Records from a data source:

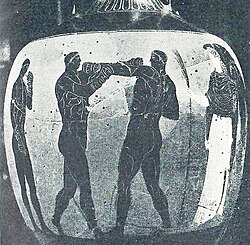 A boxing scene depicted on a Panathenaic amphora in Ancient Greece, c. 336 BC, now housed at the British Museum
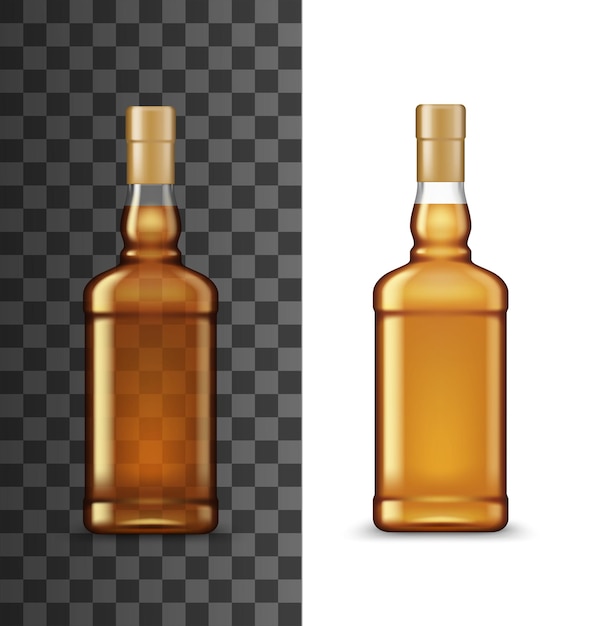 Glass bottle of whiskey or cognac alcohol beverage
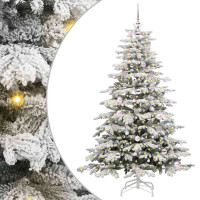Produktbild för Plast Hingad Julgran med LED -remsljus Vit 180 cm PE och PVC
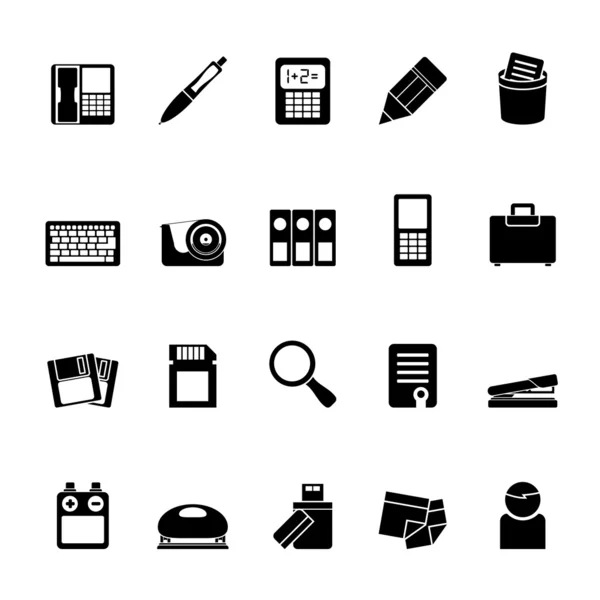 Silhouette Office tools Icons — Stock Vector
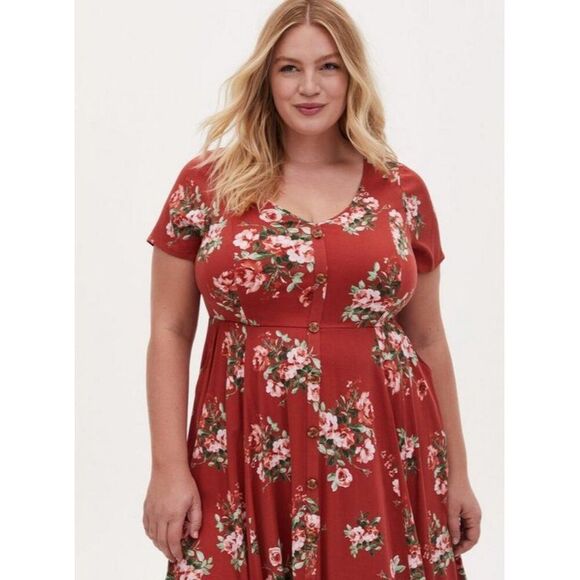 Torrid Mini Challis Button-Front Dress Terracotta Red Floral Rayon Size 3X - Picture 5 of 12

What you should do -
From the records given above, reproduce all text exactly and exclude each picture.

Output of the exercise -
 A boxing scene depicted on a Panathenaic amphora in Ancient Greece, c. 336 BC, now housed at the British Museum
 Glass bottle of whiskey or cognac alcohol beverage
Produktbild för Plast Hingad Julgran med LED -remsljus Vit 180 cm PE och PVC
 Silhouette Office tools Icons — Stock Vector
 Torrid Mini Challis Button-Front Dress Terracotta Red Floral Rayon Size 3X - Picture 5 of 12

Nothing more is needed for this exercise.